Taxanes in the treatment of cancer are associated with a significant incidence of hypersensitivity reactions, which may preclude their use in patients in need of first line therapy. Drug desensitization induces transient immunological tolerance and has allowed the reintroduction of taxanes in highly allergic patients. Increase the knowledge of hypersensitivity reactions (HSR) during the administration of taxanes. A systematic review regarding the safety and efficacy of rapid drug desensitization (RDD) for taxanes HSR. The study followed the Preferred Reporting Items for Systematic Reviews and Meta-Analyses (PRISMA) guidelines, was registered in PROSPERO(CRD42021242324) and a comprehensive search was conducted in Medline, Embase, Web of Science and Scopus databases. 25 studies encompassing 10 countries were identified and 976 patients with initial HSR to paclitaxel (n = 707) and docetaxel (n = 284), that underwent a total of 2,396 desensitizations. The most common symptoms were cutaneous (74.6%) with paclitaxel and respiratory (72.6%) with docetaxel. Severe initial hypersensitivity reactions including anaphylaxis occurred in 39.6% and 13% of paclitaxel and docetaxel cases respectively and during the first (87.4%) or second exposure (81.5%). Patients tolerated well RDD and breakthrough reactions (BTR) occurred in 32.2% of paclitaxel-treated patients and in 20.6% of docetaxel treated patients. Premedications included corticosteroids, antihistamines and leukotriene receptor antagonists. The most commonly used protocol was the BWH 3 bags 12 steps, all protocols showed a success rate between 95-100%, with no reported deaths. RDD is a safe and effective procedure in patients with HSR to taxanes and protocols should be standardized for wide range implementation.

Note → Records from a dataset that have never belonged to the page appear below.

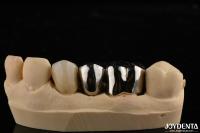 Abrasion Resistant Metal Alloy Crown For Customized Dental Restorations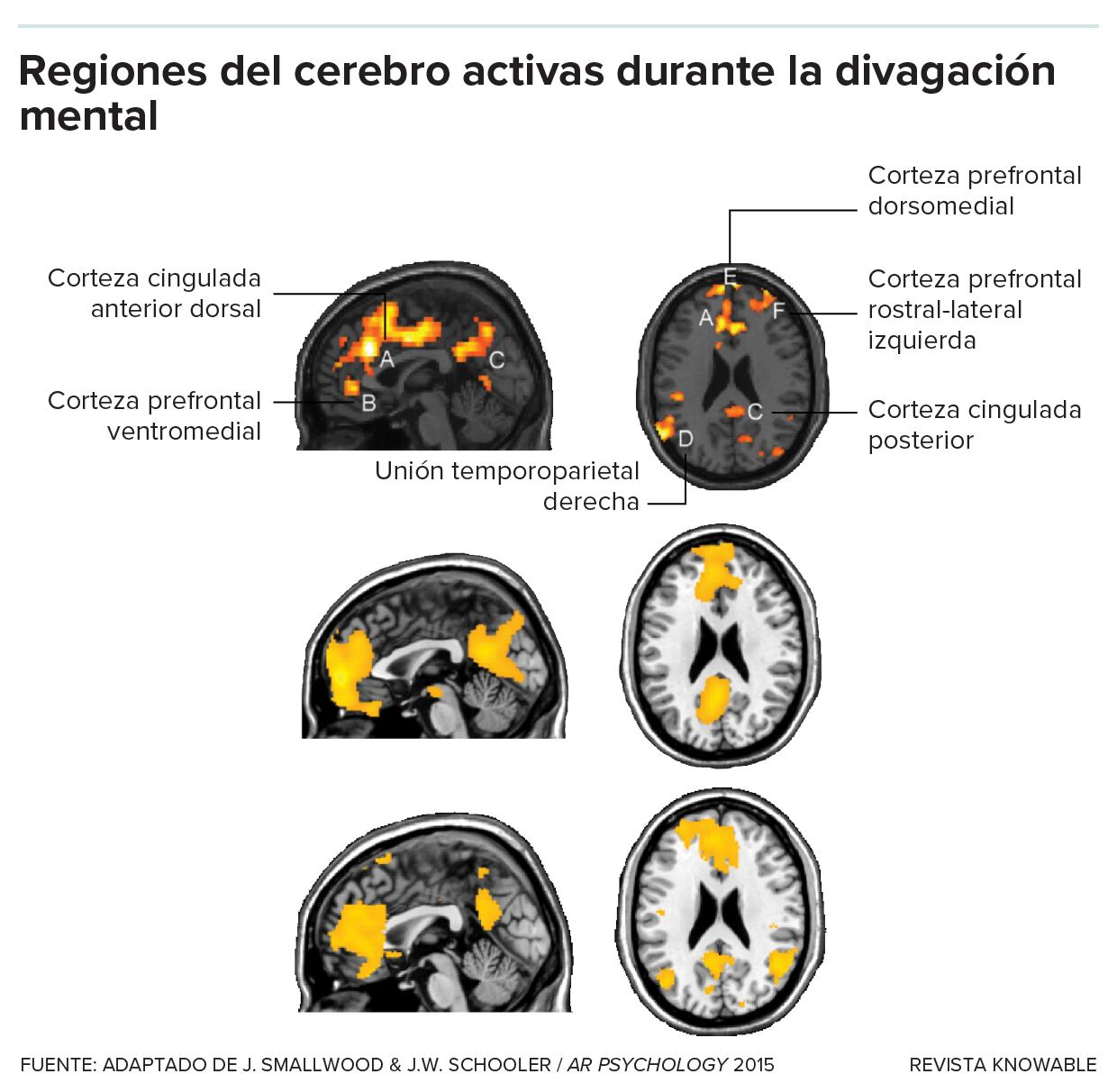 Un gráfico del cerebro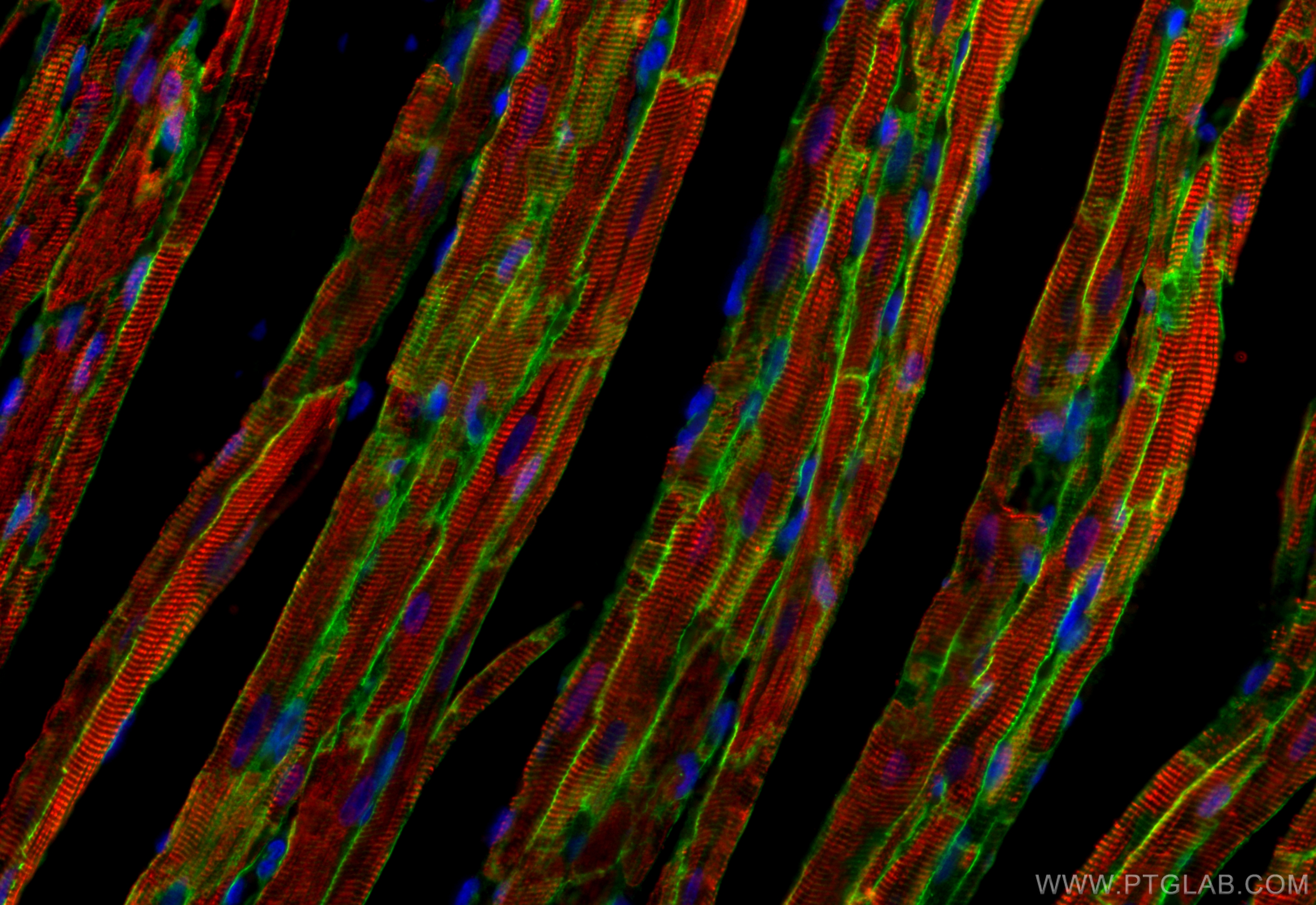 Immunofluorescence (IF) / fluorescent staining of rat heart tissue using Dystrophin Polyclonal antibody (12715-1-AP)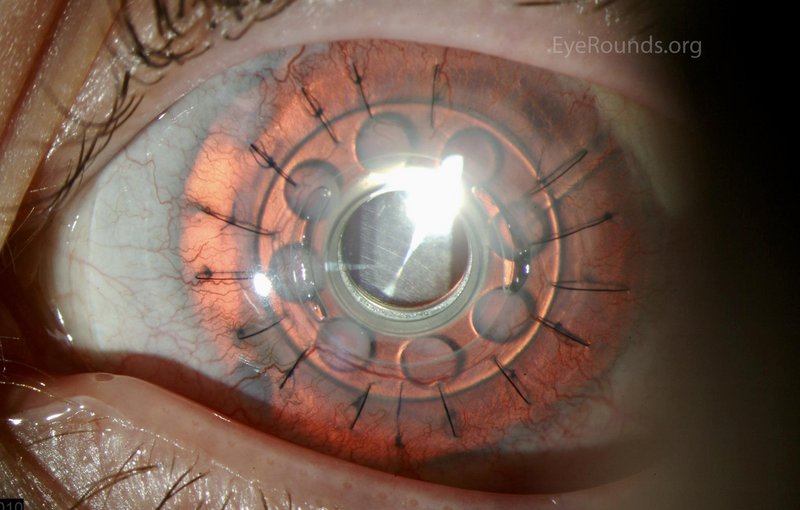 Artificial cornea implanted in a patient’s eye
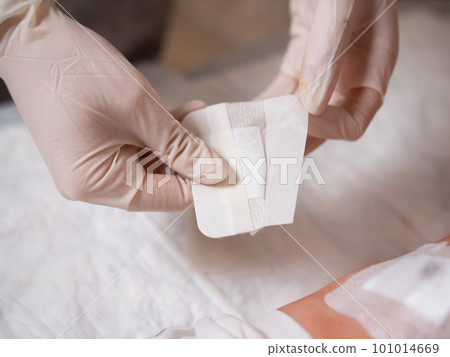 Close-up of the replacement of a sterile patch by a nurse with a glove on a patient's knee after surgery Close-up of the replacement of a sterile patch by a nurse with a glove on a patient's knee after surgery 101014669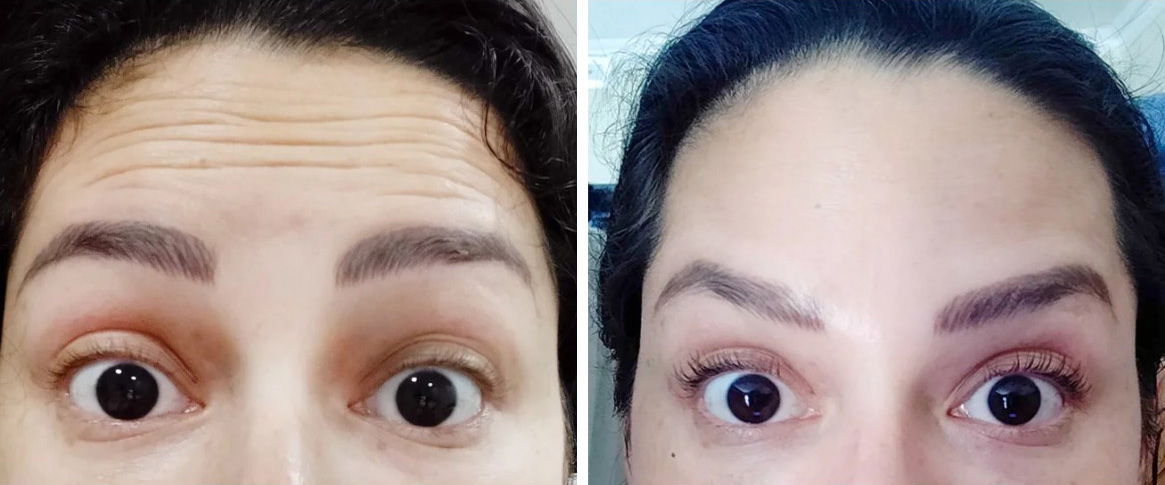 Botox Injection Before After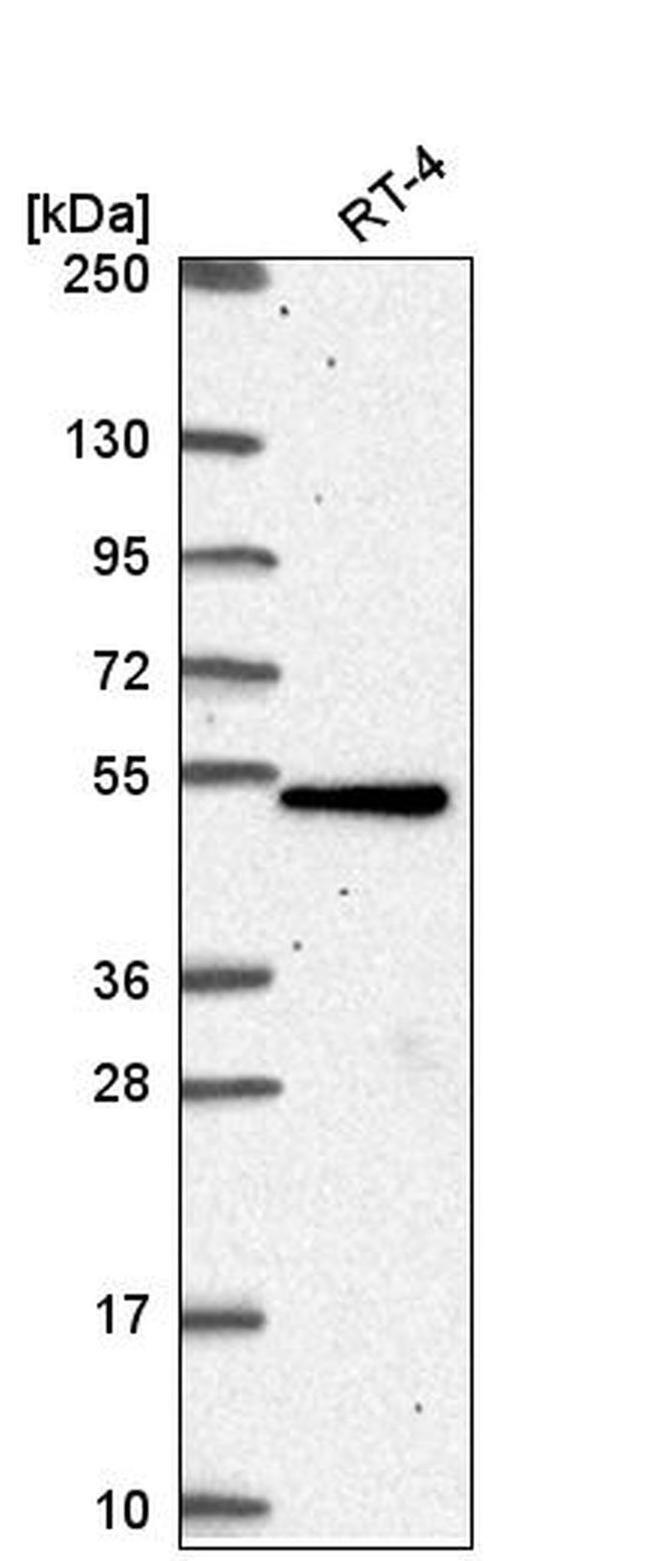 TBC1D24 Antibody in Western Blot (WB)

紫杉烷类药物用于癌症治疗时,过敏反应发生率较高,这可能会使它们无法用于需要一线治疗的患者。药物脱敏可诱导短暂的免疫耐受,并使得高度过敏的患者能够重新使用紫杉烷类药物。增加对紫杉烷类药物给药过程中过敏反应(HSR)的了解。一项关于紫杉烷类药物HSR快速药物脱敏(RDD)安全性和有效性的系统评价。该研究遵循系统评价和Meta分析的首选报告项目(PRISMA)指南,已在国际前瞻性系统评价注册库(PROSPERO,注册号:CRD42021242324)注册,并在Medline、Embase、Web of Science和Scopus数据库中进行了全面检索。共纳入来自10个国家的25项研究,976例最初对紫杉醇(n = 707)和多西他赛(n = 284)发生HSR的患者,总共进行了2396次脱敏治疗。最常见的症状在使用紫杉醇时为皮肤症状(74.6%),使用多西他赛时为呼吸道症状(72.6%)。严重的初始过敏反应包括过敏反应,分别在39.6%的紫杉醇病例和13%的多西他赛病例中发生,且多发生在首次(87.4%)或第二次暴露时(81.5%)。患者对RDD耐受性良好,突破性反应(BTR)在32.2%的紫杉醇治疗患者和20.6%的多西他赛治疗患者中发生。预处理药物包括皮质类固醇、抗组胺药和白三烯受体拮抗剂。最常用的方案是布莱根妇女医院(BWH)3袋12步方案,所有方案的成功率均在95%至100%之间,且无死亡报告。对于紫杉烷类药物HSR患者,RDD是一种安全有效的方法,应将方案标准化以便广泛实施。